# Deer jerky marinade



## Hothollows (Apr 24, 2013)

Hello my fellow 2coolers. I'm trying to make some jerky and if anyone has any good marinade recipes y'all could share with me I would really appreciated. I like my jerky regular and or spicy without too much pepper. Thanks again. :texasflag


----------



## Brother Bob (Jul 27, 2004)

*Nesco plus Cajun Swamp Dust*

Here is my full proof recipe:

I use the regular Nesco seasoning:

http://www.nesco.com/products/Jerky-Spices-Jerky-Kits-and-Jerky-Seasonings/session_5e6ab4e9d2b7/

But my secret is I sprinkle the meat with some Cajun Swamp Dust, people go crazy for my beef jerky!

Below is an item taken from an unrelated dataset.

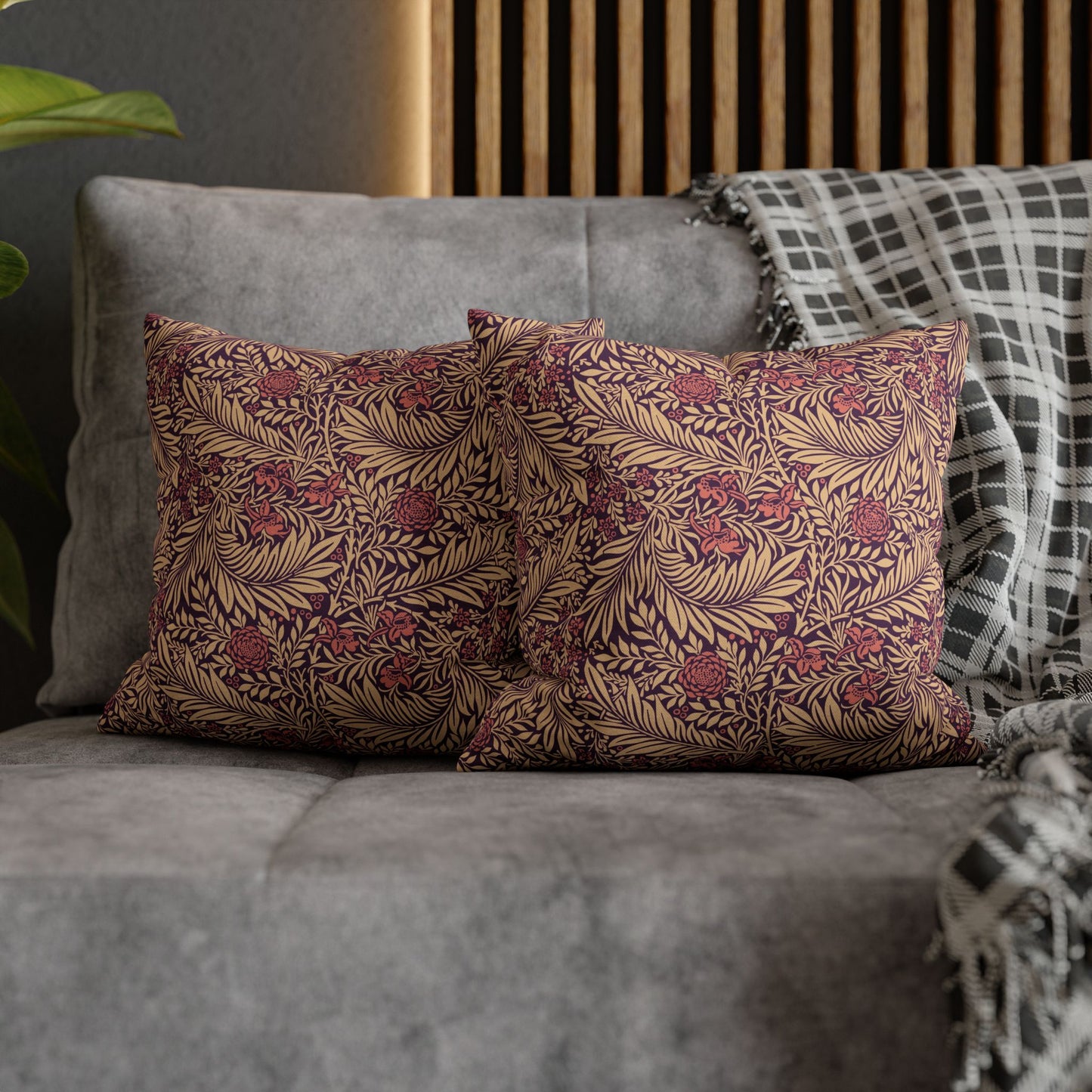 Decorative pillows with floral pattern on a gray sofa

http://www.cajunwholesale.com/ccp51...102&cat=SEAFOOD_BOIL&catstr=HOME:SEAFOOD_BOIL

And for smoke flavor, I put my dehydrator next my smoker with a little fire and wood smoke.

BB


----------



## Law Dog (Jul 27, 2010)

Looks good!


----------



## Brother Bob (Jul 27, 2004)

*Beef Sticks..*

I also make beef sticks with the same recipe.

BB


----------



## slabnabbin (May 25, 2010)

Brother Bob said:


> I also make beef sticks with the same recipe.
> 
> BB


Do you put the beef sticks in the dehydrator also and if so for how long?


----------



## Brother Bob (Jul 27, 2004)

*Beef Sticks...*

Slab,

Yes, the beef sticks go in the dehydrator too. For about 4 hours.

BR


----------



## Hothollows (Apr 24, 2013)

Here is my full proof recipe:

I use the regular Nesco seasoning:

http://www.nesco.com/products/Jerky-..._5e6ab4e9d2b7/

But my secret is I sprinkle the meat with some Cajun Swamp Dust, people go crazy for my beef jerky!

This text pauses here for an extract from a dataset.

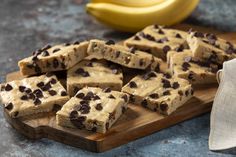 chocolate chip cookie bars on a cutting board next to a banana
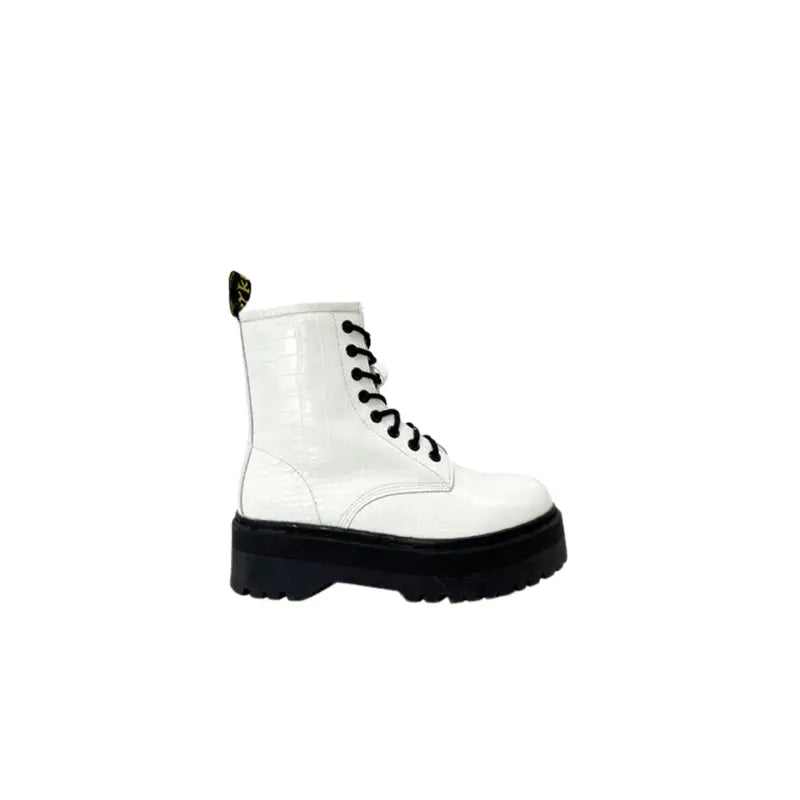 Stylish women’s boots with thick soles and crocodile leather texture in white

http://www.cajunwholesale.com/ccp51/...E:SEAFOOD_BOIL

And for smoke flavor, I put my dehydrator next my smoker with a little fire and wood smoke.

BB

Do you sell the beef jerky? If so message me some prices and where I can go to get some of it. It looks delicious. I'd like to gets some. Thanks


----------



## Hothollows (Apr 24, 2013)

Brother Bob said:


> Here is my full proof recipe:
> 
> I use the regular Nesco seasoning:
> 
> ...


 Message me some prices I would like to try some of your beef jerky looks great thanks


----------



## Brother Bob (Jul 27, 2004)

*Selling?*

Hothollows, I have never sold any of my jerky, mostly give away to my friends here in Austin. But I have shipped some to some soldiers in Afganistan, Hawaii, Germany and other places.

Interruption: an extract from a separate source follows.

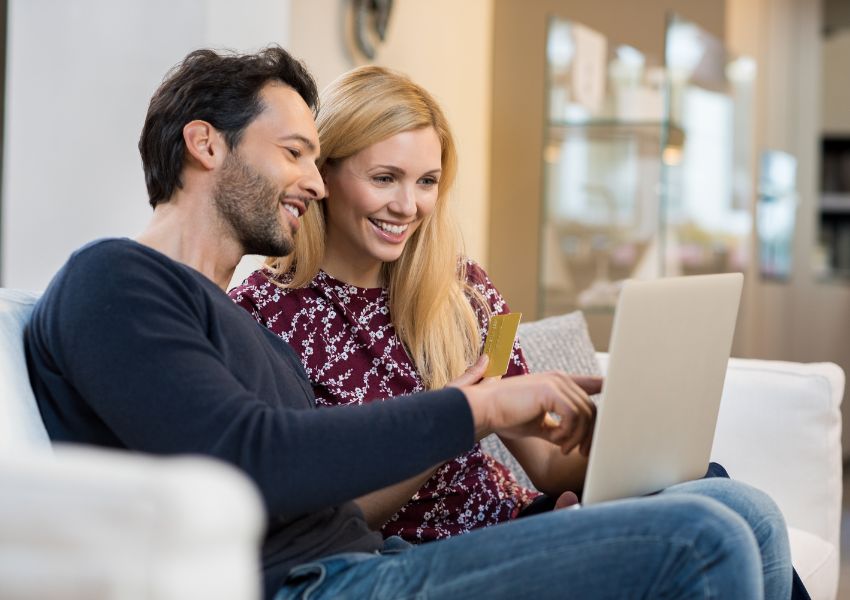 Two tenants looking at a laptop and holding a credit card to make an online payment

I will shoot a PM to discuss further.

Here is my step by step instructions I posted in the past:

http://2coolfishing.com/ttmbforum/showthread.php?t=374116

Bobby


----------



## Bankin' On It (Feb 14, 2013)

I used this recipe last month and the jerky turned out great.

http://allrecipes.com/recipe/worth-county-deer-jerky/detail.aspx


----------



## Hothollows (Apr 24, 2013)

Thanks for the recipes guys I'll give them a whirl and let y'all know how the jerky turns out.


----------



## DA REEL DADDY (Jun 7, 2005)

Is there any differences between the dehydrators you use. I think my FIL bought me one a while back? It is pretty much a small one or would it be worth while to buy one of the newer ones from NESCO?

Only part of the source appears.